● WHAT YOU NEED TO DO: Copy exactly the lines of the records below, and only those lines, beginning with the line that contains "Спортивні штани чоловічі" and ending with the line that contains "Cartoon, Giraffe, Bird".

● RECORD SET:
--- --- ---
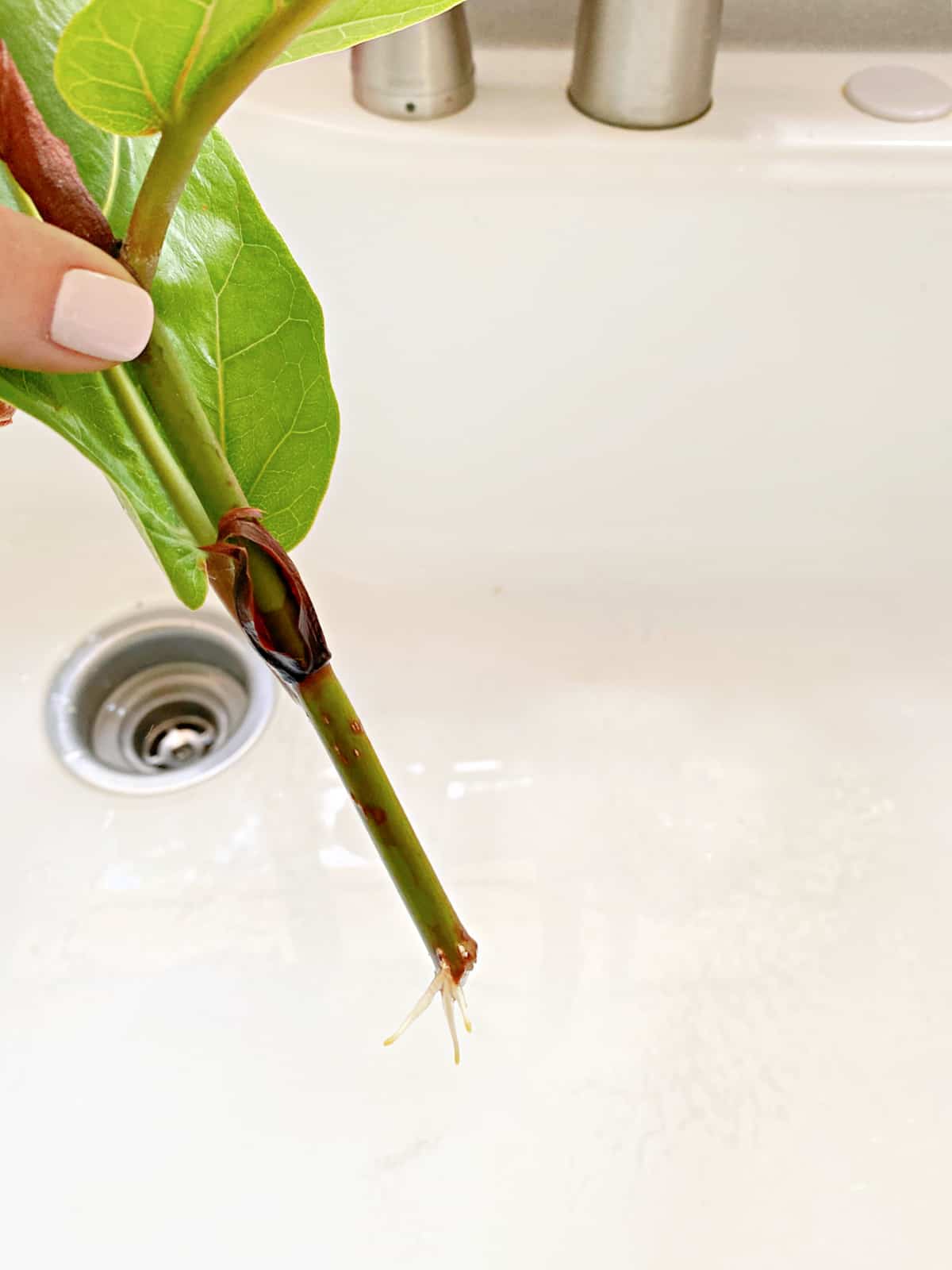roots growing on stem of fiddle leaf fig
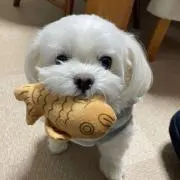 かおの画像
--- --- ---
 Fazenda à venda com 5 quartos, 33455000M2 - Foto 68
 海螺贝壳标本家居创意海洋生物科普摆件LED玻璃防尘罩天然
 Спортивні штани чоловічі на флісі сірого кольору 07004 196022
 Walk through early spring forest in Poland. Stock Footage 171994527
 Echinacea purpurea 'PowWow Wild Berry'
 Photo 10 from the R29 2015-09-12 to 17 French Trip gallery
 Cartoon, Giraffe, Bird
--- --- ---
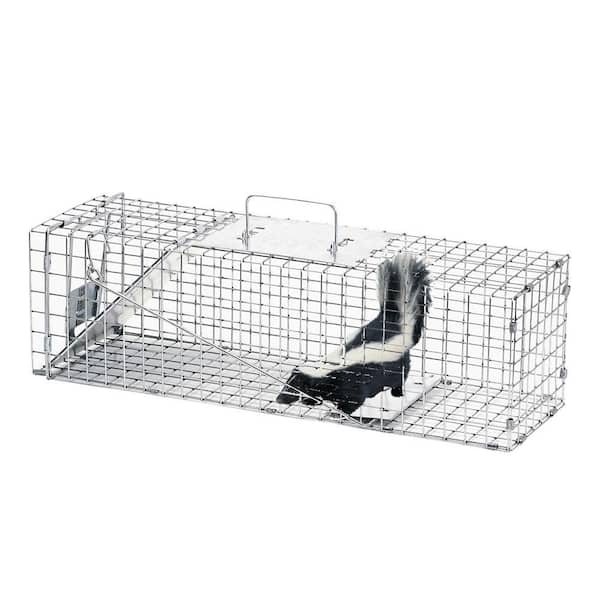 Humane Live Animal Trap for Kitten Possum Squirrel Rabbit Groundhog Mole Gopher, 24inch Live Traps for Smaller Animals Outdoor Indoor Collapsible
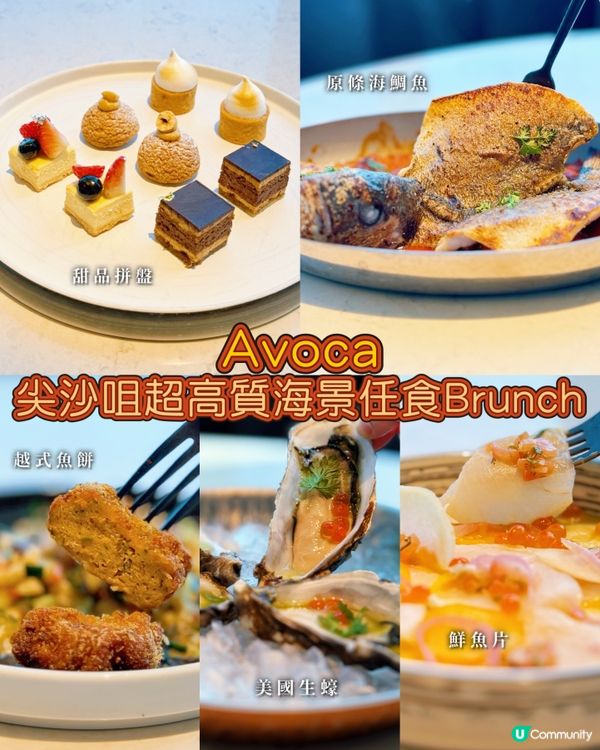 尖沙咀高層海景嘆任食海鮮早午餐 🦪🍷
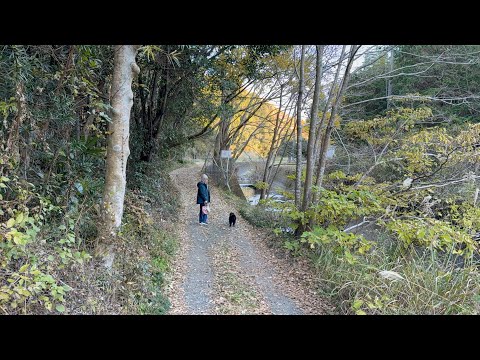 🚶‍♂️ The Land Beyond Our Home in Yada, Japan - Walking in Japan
--- --- ---
● RESULT BELOW:
 Спортивні штани чоловічі на флісі сірого кольору 07004 196022
 Walk through early spring forest in Poland. Stock Footage 171994527
 Echinacea purpurea 'PowWow Wild Berry'
 Photo 10 from the R29 2015-09-12 to 17 French Trip gallery
 Cartoon, Giraffe, Bird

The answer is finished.